I doubt different reasonable initialization schemes will have much effect on the quality of your solutions. It is probably good enough to just initialize the weights to be uniform on the interval [-1/sqrt(N), +1/sqrt(N)], where N is the number of incoming connections.

That being said, what DOES tend to make a big difference is pretraining the network weights, either as an RBM or as an autoencoder. This can be helpful even for single hidden layer neural nets, although it is much more essential for deeper nets. You don't mention the architecture you are using, that information would allow a more helpful answer to your question.

There is even a new initialization rule that seems to work well described in this paper: http://www.iro.umontreal.ca/~lisa/publications2/index.php/publications/show/447 The paper also mentions some of the symptoms of bad initialization that I was alluding to above that you can easily check for.

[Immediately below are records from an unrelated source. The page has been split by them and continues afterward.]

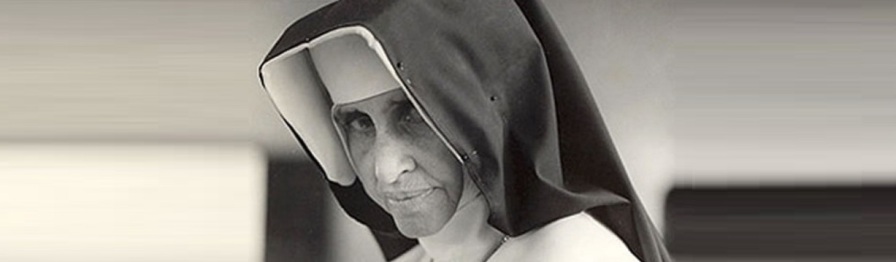 26 de Maio - 1914 – Irmã Dulce, religiosa brasileira de perfil.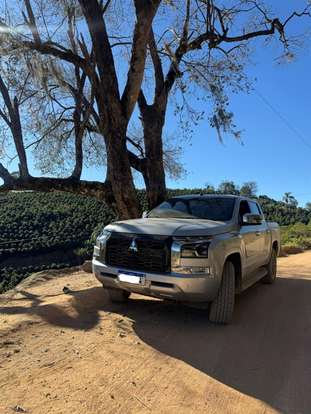 MITSUBISHI-TRITON-2.4 BITURBO DIESEL CD HPE-S 4X4 AUTOMÁTICO MITSUBISHI-TRITON-2025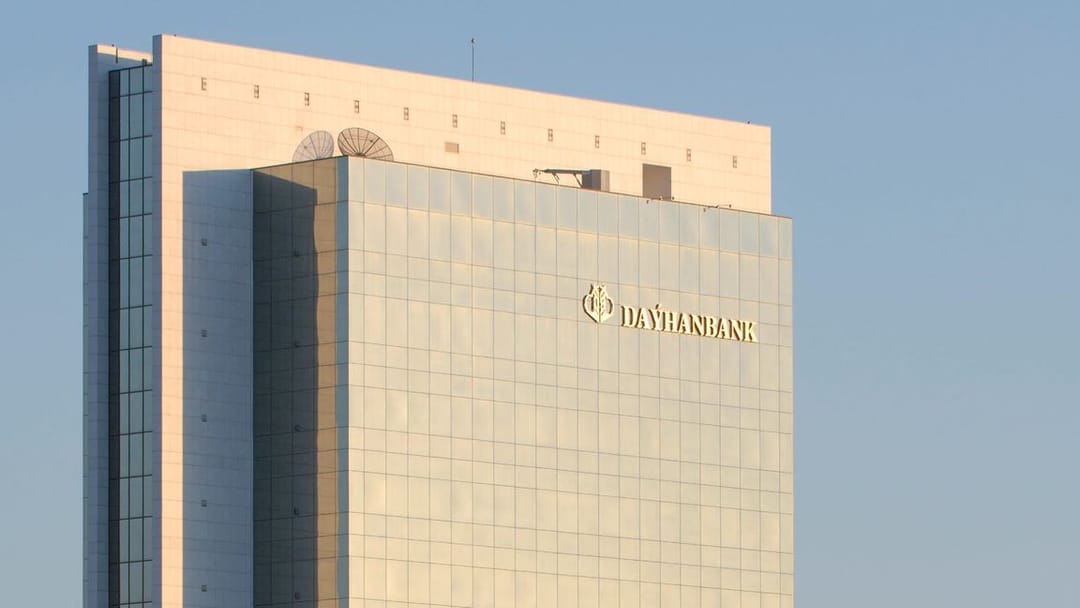 ГКБТ «Дайханбанк» предлагает студентам воспользоваться специальным кредитом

To summarize, Uniform on [-1/sqrt(N), +1/sqrt(N)] isn't too bad nor is the one mentioned in the paper I link to. Don't worry about it too much if you use one of those. What is very important is pretraining the weights as an autoencoder (or Restricted Boltzmann Machine), which you should look in to even if you only have a single hidden layer.

If you want to pre-train the weights as an RBM, you could switch to logistic sigmoids and even initialize the weights from a small standard deviation Gaussian without running in to trouble.